Exercise goal: Repeat the listing word for word, but skip any pictures.

Given material:
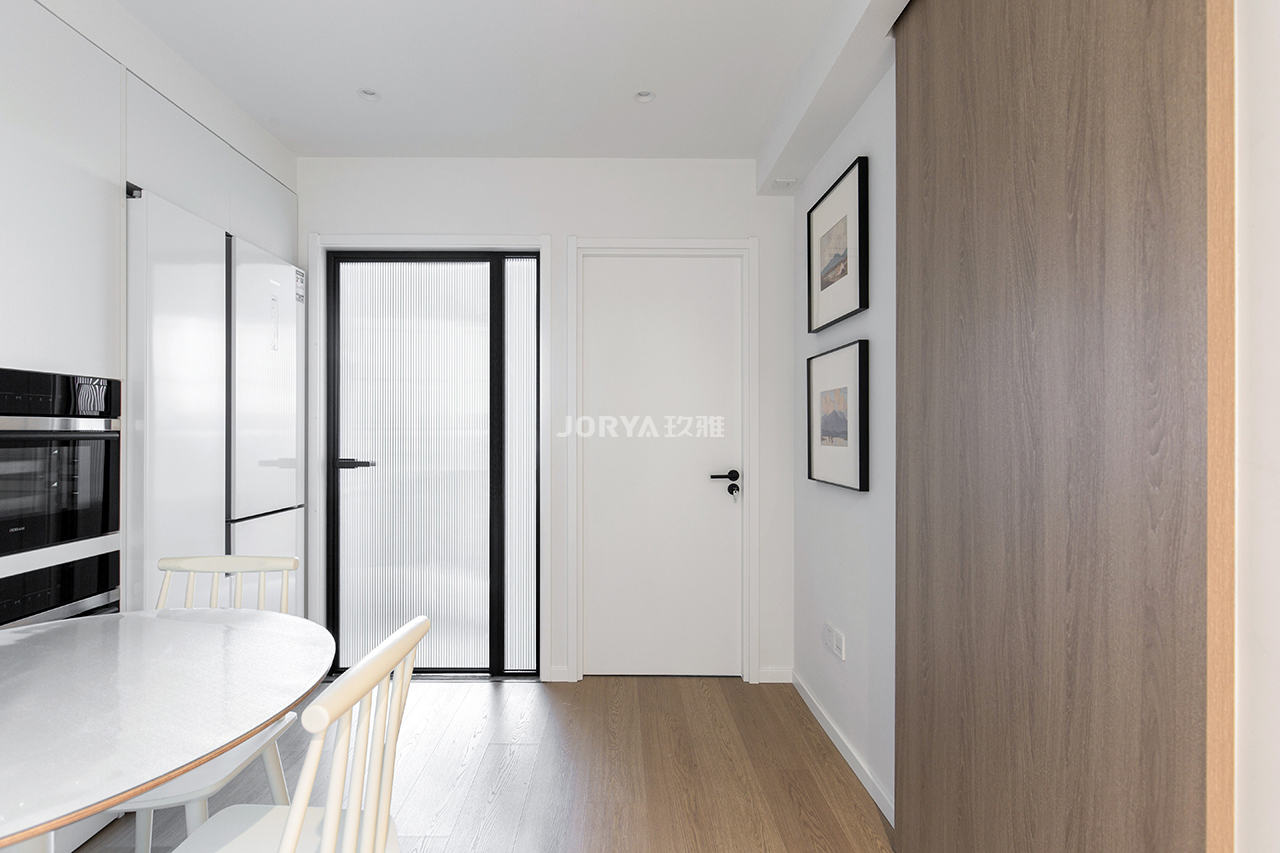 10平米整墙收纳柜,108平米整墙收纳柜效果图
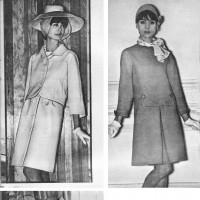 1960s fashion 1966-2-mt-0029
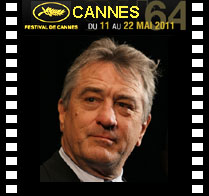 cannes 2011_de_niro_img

Solution to this problem:
 10平米整墙收纳柜,108平米整墙收纳柜效果图
 1960s fashion 1966-2-mt-0029
 cannes 2011_de_niro_img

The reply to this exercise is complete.